One often hears the following saying for functional programs, and at times rust:
It compiles and just works
I think this is an oversimplification, but hopefully the rest of this post better communicates why some of that feeling may occur.
This isn’t meant to be a rust is better than C post, just trying to explain where one area of rust reduces cognitive load, allowing more mental capacity to focus on other areas of development.
C Implementation
Let’s jump right into a simple C
function that one might encounter:
int get_thing(const char * name, thing_type * thing) {
...
}
This function will use name
to find and fill out the passed in thing
. It
returns an int
to communicate if the function failed or not.
Ignoring how we use name
to find thing
, we can dig into some of what this
implementation may need:
- The function should probably check for a null pointer to
name
- Not often practical to check, but
name
should be null terminated. - The function should probably check for a null pointer to
thing
- We may want to
memset
or have a default forthing
even if the function errors out.
These items are some sharp edges of C, for good and bad.
One could argue against name
as a const char *
and that this should use an
enumeration.
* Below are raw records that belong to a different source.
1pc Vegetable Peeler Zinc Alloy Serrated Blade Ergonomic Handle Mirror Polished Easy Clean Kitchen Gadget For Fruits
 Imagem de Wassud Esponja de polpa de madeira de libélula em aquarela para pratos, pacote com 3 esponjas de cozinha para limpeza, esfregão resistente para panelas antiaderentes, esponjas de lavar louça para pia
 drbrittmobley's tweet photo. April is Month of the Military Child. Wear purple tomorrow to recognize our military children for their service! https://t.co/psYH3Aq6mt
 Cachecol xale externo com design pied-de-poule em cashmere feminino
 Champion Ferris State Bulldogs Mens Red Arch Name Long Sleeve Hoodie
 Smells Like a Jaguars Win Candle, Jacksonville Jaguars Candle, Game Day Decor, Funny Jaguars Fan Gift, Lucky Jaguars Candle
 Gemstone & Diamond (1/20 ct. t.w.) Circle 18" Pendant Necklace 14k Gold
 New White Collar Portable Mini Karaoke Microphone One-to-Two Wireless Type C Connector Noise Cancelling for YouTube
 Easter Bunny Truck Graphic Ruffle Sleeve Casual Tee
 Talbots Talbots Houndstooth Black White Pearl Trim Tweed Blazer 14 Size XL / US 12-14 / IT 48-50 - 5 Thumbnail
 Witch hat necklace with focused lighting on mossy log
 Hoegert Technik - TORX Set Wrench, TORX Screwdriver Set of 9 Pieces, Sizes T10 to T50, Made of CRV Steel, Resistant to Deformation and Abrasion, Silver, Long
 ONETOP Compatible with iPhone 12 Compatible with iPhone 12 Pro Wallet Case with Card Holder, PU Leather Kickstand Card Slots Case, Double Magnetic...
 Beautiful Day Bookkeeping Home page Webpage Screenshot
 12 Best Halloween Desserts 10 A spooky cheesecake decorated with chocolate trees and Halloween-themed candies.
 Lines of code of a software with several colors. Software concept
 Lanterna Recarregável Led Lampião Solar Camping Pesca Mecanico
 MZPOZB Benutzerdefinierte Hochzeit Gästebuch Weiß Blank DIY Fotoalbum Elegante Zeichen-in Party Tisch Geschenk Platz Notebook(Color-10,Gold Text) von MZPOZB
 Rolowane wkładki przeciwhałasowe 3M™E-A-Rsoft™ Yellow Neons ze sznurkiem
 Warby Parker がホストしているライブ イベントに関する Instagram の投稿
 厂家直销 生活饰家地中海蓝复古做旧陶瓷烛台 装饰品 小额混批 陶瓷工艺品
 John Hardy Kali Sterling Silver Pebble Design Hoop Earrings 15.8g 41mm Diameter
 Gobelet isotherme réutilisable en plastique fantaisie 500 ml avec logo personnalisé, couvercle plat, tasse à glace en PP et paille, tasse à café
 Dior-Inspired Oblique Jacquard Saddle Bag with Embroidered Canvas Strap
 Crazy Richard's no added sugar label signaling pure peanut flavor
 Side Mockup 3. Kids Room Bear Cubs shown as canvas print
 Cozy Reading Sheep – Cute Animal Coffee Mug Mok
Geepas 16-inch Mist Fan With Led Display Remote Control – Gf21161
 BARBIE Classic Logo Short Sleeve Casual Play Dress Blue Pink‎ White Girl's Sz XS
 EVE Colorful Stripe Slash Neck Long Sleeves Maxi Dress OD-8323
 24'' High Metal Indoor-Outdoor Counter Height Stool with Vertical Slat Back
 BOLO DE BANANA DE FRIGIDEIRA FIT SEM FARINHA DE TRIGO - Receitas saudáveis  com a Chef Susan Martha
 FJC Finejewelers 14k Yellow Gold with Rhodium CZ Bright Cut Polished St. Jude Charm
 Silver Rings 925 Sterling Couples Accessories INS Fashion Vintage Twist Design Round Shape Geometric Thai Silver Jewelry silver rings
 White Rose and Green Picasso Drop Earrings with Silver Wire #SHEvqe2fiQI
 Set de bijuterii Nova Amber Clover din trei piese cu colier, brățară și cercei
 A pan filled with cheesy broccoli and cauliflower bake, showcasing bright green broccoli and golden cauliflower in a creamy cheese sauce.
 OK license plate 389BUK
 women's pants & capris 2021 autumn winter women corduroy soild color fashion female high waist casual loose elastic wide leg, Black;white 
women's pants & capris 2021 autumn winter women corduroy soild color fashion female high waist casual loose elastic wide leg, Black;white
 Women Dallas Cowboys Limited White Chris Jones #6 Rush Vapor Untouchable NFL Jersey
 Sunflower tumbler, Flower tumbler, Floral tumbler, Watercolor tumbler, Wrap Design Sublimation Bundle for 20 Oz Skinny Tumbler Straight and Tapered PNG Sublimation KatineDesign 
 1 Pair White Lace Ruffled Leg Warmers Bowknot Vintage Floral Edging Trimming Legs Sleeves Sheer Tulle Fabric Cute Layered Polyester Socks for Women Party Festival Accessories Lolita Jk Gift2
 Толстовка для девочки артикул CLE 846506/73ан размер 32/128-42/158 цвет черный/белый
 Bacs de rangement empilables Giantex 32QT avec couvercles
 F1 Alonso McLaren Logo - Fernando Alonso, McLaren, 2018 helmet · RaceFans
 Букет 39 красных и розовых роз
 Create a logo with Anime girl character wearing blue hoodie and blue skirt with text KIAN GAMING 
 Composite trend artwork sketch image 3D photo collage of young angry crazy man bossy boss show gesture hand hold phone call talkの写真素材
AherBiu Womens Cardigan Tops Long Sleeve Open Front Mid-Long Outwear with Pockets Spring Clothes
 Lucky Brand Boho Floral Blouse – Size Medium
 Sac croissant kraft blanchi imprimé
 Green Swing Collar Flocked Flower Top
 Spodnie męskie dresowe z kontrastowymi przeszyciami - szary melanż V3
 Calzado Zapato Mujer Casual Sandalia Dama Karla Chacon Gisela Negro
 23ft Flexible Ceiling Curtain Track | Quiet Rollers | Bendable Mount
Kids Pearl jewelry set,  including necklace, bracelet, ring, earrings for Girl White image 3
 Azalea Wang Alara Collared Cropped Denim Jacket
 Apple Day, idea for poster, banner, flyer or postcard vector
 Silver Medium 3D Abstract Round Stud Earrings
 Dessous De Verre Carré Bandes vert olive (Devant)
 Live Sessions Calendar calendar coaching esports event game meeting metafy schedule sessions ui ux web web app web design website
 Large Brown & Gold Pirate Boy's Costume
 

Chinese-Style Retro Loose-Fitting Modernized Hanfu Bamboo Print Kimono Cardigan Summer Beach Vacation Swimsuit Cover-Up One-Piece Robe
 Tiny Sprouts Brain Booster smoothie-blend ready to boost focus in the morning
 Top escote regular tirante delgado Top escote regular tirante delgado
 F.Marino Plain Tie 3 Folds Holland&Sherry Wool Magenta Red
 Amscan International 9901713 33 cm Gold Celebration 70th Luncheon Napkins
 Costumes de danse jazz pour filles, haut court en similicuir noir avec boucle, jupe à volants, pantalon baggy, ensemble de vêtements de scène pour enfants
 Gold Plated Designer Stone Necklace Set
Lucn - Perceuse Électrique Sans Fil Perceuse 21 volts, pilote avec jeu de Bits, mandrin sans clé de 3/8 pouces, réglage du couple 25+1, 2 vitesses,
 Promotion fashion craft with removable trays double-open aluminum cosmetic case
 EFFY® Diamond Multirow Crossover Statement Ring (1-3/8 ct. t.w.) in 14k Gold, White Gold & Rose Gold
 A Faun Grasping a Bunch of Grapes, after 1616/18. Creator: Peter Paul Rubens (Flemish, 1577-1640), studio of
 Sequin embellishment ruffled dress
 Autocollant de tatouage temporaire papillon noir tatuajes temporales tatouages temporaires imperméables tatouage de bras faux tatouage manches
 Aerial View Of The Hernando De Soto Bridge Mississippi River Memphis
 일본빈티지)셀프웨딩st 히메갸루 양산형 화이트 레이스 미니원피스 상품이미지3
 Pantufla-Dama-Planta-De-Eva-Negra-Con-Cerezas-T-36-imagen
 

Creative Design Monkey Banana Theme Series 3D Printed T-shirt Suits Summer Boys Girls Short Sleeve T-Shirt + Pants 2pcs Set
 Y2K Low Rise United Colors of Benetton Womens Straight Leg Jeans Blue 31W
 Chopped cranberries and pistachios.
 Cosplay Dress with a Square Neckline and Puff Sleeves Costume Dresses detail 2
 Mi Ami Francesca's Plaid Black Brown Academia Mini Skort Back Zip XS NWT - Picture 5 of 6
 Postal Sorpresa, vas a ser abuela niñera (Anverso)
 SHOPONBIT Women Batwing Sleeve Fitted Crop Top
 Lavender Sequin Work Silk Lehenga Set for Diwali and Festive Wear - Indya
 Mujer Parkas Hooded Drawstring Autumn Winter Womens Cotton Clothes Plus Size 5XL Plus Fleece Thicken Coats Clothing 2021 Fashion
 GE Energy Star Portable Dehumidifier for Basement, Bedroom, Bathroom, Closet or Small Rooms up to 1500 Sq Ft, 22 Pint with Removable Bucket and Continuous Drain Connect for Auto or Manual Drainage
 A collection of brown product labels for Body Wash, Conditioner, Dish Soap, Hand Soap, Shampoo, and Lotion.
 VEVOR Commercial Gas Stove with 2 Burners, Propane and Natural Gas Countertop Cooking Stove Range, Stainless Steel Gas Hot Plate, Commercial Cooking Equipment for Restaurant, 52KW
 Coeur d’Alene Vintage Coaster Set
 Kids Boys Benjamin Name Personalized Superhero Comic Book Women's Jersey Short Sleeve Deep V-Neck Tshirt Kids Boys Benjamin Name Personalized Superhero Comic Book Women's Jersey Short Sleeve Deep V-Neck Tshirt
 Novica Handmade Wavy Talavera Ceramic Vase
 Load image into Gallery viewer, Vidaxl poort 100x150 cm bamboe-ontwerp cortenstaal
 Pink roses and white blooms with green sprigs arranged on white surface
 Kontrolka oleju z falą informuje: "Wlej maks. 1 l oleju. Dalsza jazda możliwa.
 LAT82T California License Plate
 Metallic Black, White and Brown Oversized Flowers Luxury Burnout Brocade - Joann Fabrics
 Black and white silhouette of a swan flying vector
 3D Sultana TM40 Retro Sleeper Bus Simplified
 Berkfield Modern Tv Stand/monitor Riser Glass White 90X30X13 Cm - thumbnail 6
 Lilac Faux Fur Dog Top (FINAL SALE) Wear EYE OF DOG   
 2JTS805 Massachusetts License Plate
The example is meant to capture common inputs. Strings are seen in
many C APIs.
Rust Implementation
Translating more or less one for one into rust we get.
fn get_thing(name: &str, thing: &mut ThingType) -> u32 {
...
}
We’ll break down some of this signature for those unfamiliar with rust.
name: &str
is an argument named name
with a type of &str
. &str
is the
common rust type for string references. The compiler will ensure that the &str
points to valid memory and has a valid size.
thing: &mut ThingType
is an argument named thing
. It is a mutable
reference of ThingType
. By default in rust, all variables and arguments are
immutable, meaning they cannot be modified. When one wants to modify a variable
or argument they must use the mut
keyword. One can think of it as the opposite
as const
in C. The compiler will ensure that thing
is not a null pointer.
-> u32
is the return type of the function. It is an unsigned 32 bit integer.
Comparing to the C function we can see there are a few less gotchas.
name
can not be a null pointer. The compiler will ensure this.- The compiler will ensure that
name
has a valid length. thing
can not be a null pointer. The compiler will ensure this.thing
will have to be initialized prior to the function call. The compiler will ensure this. Initializing by the caller could be a bad thing as it puts more burden on the caller and it could hurt performance by setting values that will be overwritten in theget_thing
call.
Using the Result Type
The function could be further updated to follow common rust idioms.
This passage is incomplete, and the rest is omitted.